_Goal of the exercise_.
When you reach the line containing "Hello and welcome" in the entries below, start writing out each line exactly, and stop after the line containing "I will go with".

[Stored records]
|---|

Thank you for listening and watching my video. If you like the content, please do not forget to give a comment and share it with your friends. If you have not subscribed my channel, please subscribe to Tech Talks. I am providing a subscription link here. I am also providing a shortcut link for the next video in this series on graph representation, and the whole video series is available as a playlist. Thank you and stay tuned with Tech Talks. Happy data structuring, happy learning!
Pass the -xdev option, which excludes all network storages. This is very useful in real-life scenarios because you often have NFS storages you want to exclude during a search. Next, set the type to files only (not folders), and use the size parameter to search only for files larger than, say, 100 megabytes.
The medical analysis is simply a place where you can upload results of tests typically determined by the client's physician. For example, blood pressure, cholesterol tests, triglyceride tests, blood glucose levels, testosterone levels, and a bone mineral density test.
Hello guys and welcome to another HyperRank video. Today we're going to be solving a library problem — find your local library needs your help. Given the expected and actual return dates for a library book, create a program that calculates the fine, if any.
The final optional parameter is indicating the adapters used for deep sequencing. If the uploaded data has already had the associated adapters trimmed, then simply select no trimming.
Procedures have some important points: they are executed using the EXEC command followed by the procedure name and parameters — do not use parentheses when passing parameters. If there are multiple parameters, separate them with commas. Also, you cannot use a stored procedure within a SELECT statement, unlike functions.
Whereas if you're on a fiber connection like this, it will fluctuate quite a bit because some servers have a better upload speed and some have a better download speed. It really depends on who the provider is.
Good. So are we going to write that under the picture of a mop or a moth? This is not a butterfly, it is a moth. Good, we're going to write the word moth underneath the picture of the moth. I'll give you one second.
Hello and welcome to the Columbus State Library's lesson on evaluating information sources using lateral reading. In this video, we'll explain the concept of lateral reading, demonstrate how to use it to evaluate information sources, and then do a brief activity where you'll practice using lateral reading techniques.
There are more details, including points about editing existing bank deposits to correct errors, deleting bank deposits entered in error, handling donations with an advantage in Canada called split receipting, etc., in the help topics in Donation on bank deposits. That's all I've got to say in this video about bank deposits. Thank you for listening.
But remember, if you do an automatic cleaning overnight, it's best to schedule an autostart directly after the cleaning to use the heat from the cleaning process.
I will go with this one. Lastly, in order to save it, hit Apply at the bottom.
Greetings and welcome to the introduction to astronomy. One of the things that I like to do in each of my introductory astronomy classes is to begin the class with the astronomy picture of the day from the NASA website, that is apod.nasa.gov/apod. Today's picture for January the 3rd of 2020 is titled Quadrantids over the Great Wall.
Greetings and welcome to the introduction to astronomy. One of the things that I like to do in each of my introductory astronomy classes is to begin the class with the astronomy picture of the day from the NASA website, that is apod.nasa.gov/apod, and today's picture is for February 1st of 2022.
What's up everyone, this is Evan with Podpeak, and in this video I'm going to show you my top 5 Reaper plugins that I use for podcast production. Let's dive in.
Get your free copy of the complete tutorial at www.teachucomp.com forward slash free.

|---|

_Answer to this task_.
Hello and welcome to the Columbus State Library's lesson on evaluating information sources using lateral reading. In this video, we'll explain the concept of lateral reading, demonstrate how to use it to evaluate information sources, and then do a brief activity where you'll practice using lateral reading techniques.
There are more details, including points about editing existing bank deposits to correct errors, deleting bank deposits entered in error, handling donations with an advantage in Canada called split receipting, etc., in the help topics in Donation on bank deposits. That's all I've got to say in this video about bank deposits. Thank you for listening.
But remember, if you do an automatic cleaning overnight, it's best to schedule an autostart directly after the cleaning to use the heat from the cleaning process.
I will go with this one. Lastly, in order to save it, hit Apply at the bottom.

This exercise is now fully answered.